Do I understand you correctly that *everything* down to the lowest level should be shared-enabled, i.e. thread-safe, i.e. synchronized? Should Phobos just have e.g. two versions each of Array, DList, RBTree, you-name-it, one shared, one - not? Following that logic, how would you build some shared conatiner on top of D arrays which are by their nature not synchronized?

> The need is well recognized and you are not alone in this.

That's good to hear. That is, if I didn't lose your meaning completely :)

> It is. The problem with shared and immutable is that we humans by our very nature expect:
>
> immutable(SomeContainer!T)
>
> to mean the same as
> ImmutableSomeContainer!T
>
> Where ImmutableSomeContainer is almost the same thing but in fact is a different type that has immutable interface and handles immutable data well.

I'd say that's more of a way of thinking imposed by some other language(s) rather than our human nature. Then again, the boundaries do blur sometimes :)

> Example - ImmutableVector vs Vector.
> ImmutableVector need not to known about things such as capacity, has different kind of range and is a different type in general not just Vector with some auto-magic restrictions bolted on top of it.
>
> The same could be said about shared.

ImmutableVector is a strange concept altogether, but I understand what you mean here. What I still don't completely understand is the general message of "with "shared" everything should be "shared"". How can it be?

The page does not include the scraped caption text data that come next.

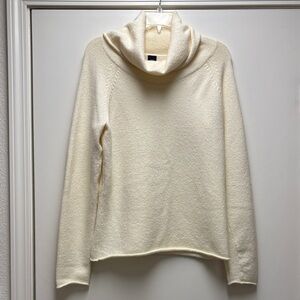 GAP Cream Cowl Neck Women's Sweater Size Large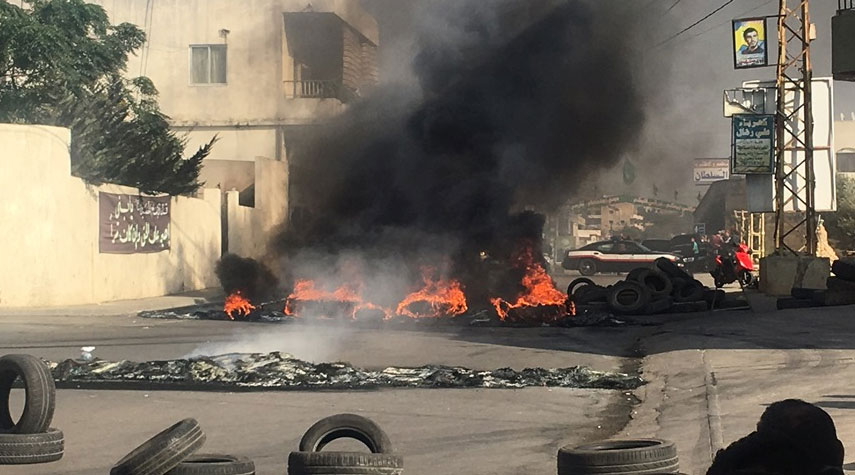 احتكاكات مع المتظاهرين خلال محاولة الجيش اللبناني فتح الطرقات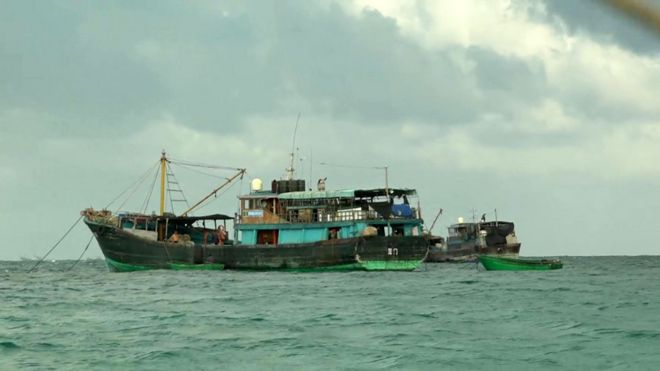 Большие рыбацкие лодки из Танмэна
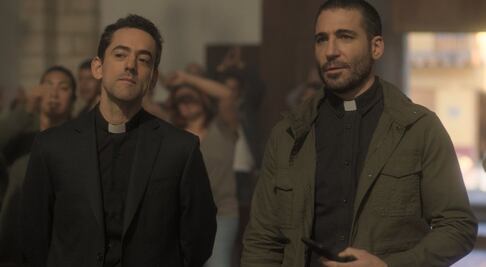 Luis Gerardo Méndez toma los hábitos y se redime en la producción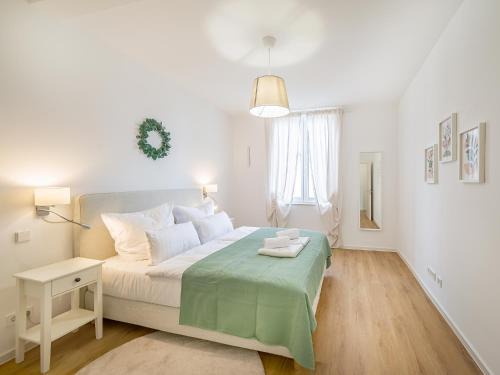 Alt-Grunwinkel Apartment | FLAIR Homes - Design Apartments with Smart-TV, Self Check-in & Free Parking
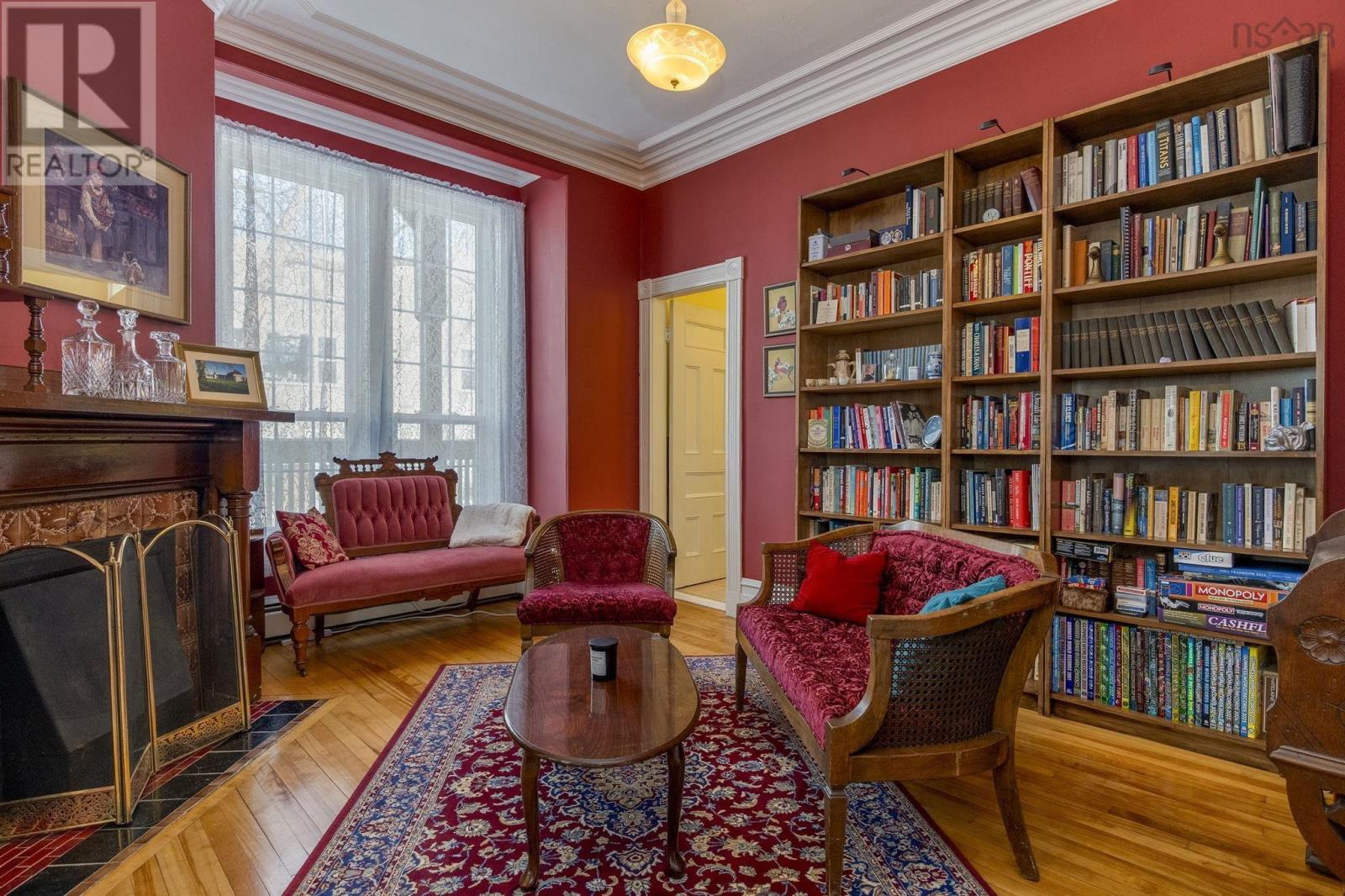 Property 6 of 50 of 153 Albert Street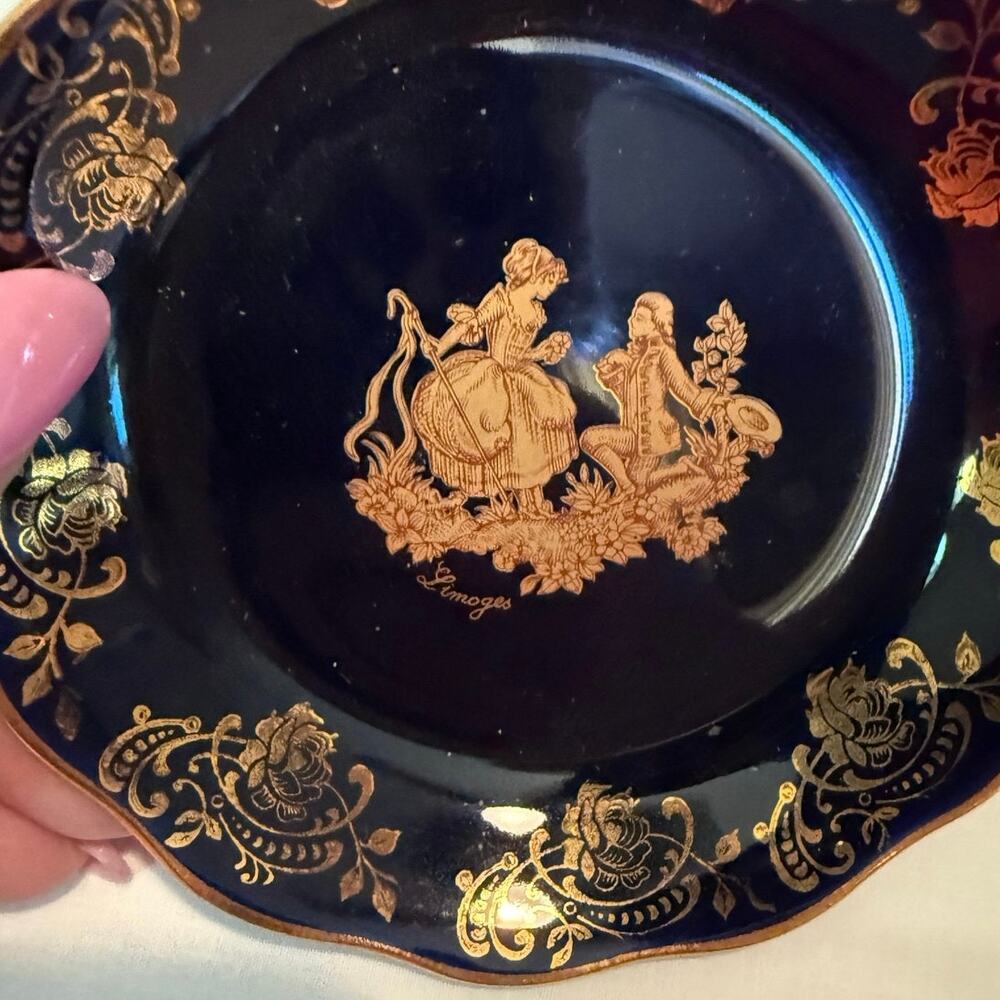 Limoges Cobalt Deep Cabinet Plate • Gold Courting Couple • 4” • France - Picture 4 of 10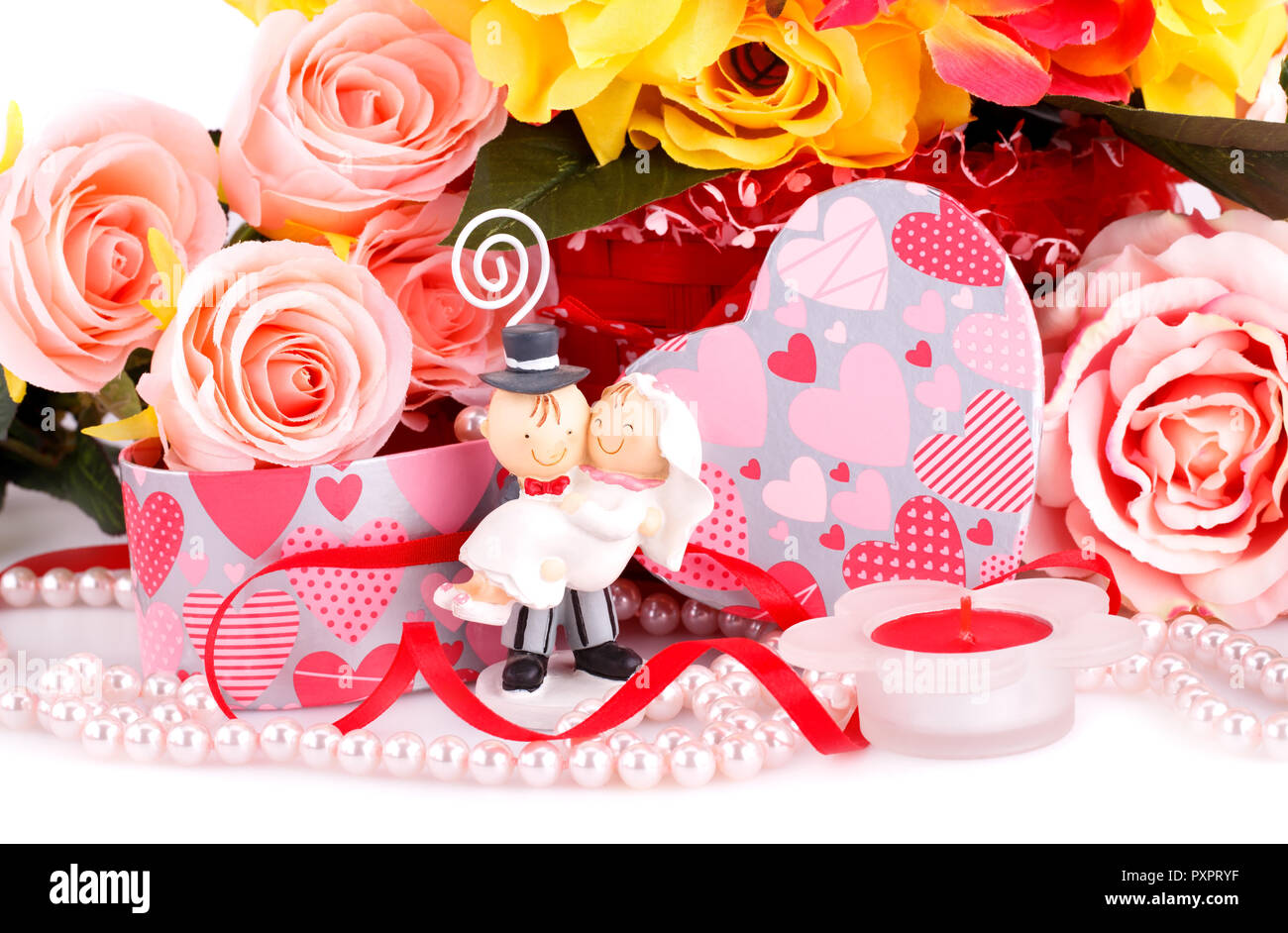 Rose colorate, sposa e il suo fidanzato, candela e confezione regalo chiudere l'immagine. Foto Stock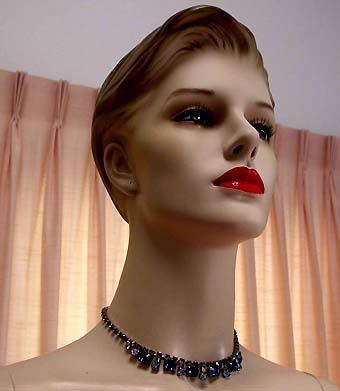 a beautiful vintage costume jewelry necklace unsigned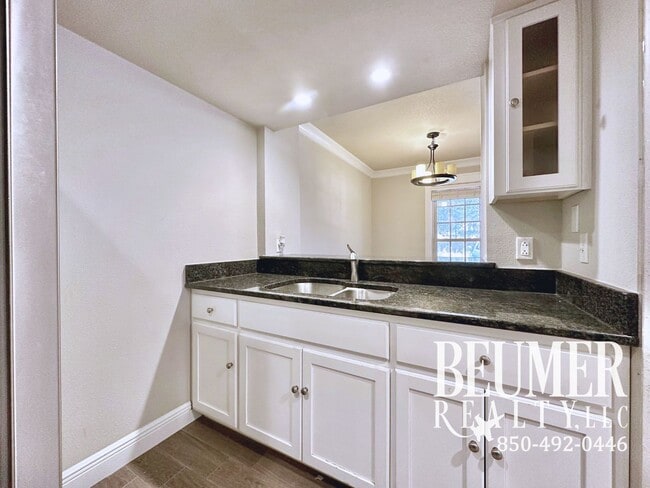 Photo - 2br 1.5 ba End Unit Townhome for Rent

25-Jan-2014 02:13, Stanislav Blinov пишет:
> On Friday, 24 January 2014 at 19:54:31 UTC, Dmitry Olshansky wrote:
>
>> 2 unrelated questions would be better as 2 nice smaller posts.
>> Just saying.
>
> I know. Sorry if it got you irritated. I have a feeling I'll be coming
> back with questions that are based on both move() and "shared" tied up
> together, hence I posted these together too.
>
>> Consider that std.container is an incomplete piece of work...
>
> Understood. Thanks.
>
>> moveFront/moveBack/moveAt is a shameful and unknown thing about ranges
>> usually kept in a basement during public talks. Ask Andrei of where
>> these things go.
>
> Now you've got me intrigued :)
>
>> If I understand the current direction is to go with ref T and make
>> some language
>> level/compiler level changes to the escaping reference.
>
> Escaping... where? By "go with ref T" you mean return value of e.g.
> front()?
>
>>> struct Packet {
>>>     ulong ID;
>>>     ubyte[32] header;
>>>     ubyte[64] data;
>>> }
>>>
>>> Note that I do have arrays in there, but they cannot possibly
>>> introduce any aliasing, since they're static.
>>
>> They can. To copy the thing out of somewhere you need to reach into
>> memory area  that is shared between threads and then all bets are off.
>> //Example:
>> shared Packet[4] buffer;
>
> Aha, I see you responded as you went through my post :) I've got this
> case covered further down. Of course they can this way. But
> instantiating them as "shared" doesn't make sense anyway, exactly
> because they are not "shared"-aware.
>
>> High level invariants that deal with ownership are not represented in
>> D typesystem and hence exist only in the head of people writing
>> code/comments and better be encapsulated in something manageable.
>
> But they actually are. immutable === doesn't care: share or own, you
> only ever can read it. Value type === single owner. Because you can only
> ever give away the value entirely (move() it) or a copy of it (which is
> coincidentally both shallow and deep copy). References (any kind
> thereof) === sharing. Granted, this system is lacking (i.e. it'd be nice
> to have unique references). But that's at least a bare base.
>
>>> It wouldn't work, because queue expects "shared" type.
>>
>> Depends on how you've defined push/pop.
>
> I'm losing you here. Without any __gshared "tricks" we have this:
>
> shared class Queue(T) {
>      private Container!T q;
>
>      void push(T);
>      T pop();
> }

Which is the same as:

> class Queue(T) {
>      shared private Container!T q;
>
>      void push(T) shared;
>      T pop() shared;
> }
>
> Note that the class Queue is "shared"-qualified, meaning that "q" is
> also "shared", meaning that (due to transitive nature of "shared"), the
> container ultimately stores shared(T).

For functions only this pointer becomes shared. For data - yes, transitivity, turtles all the way down.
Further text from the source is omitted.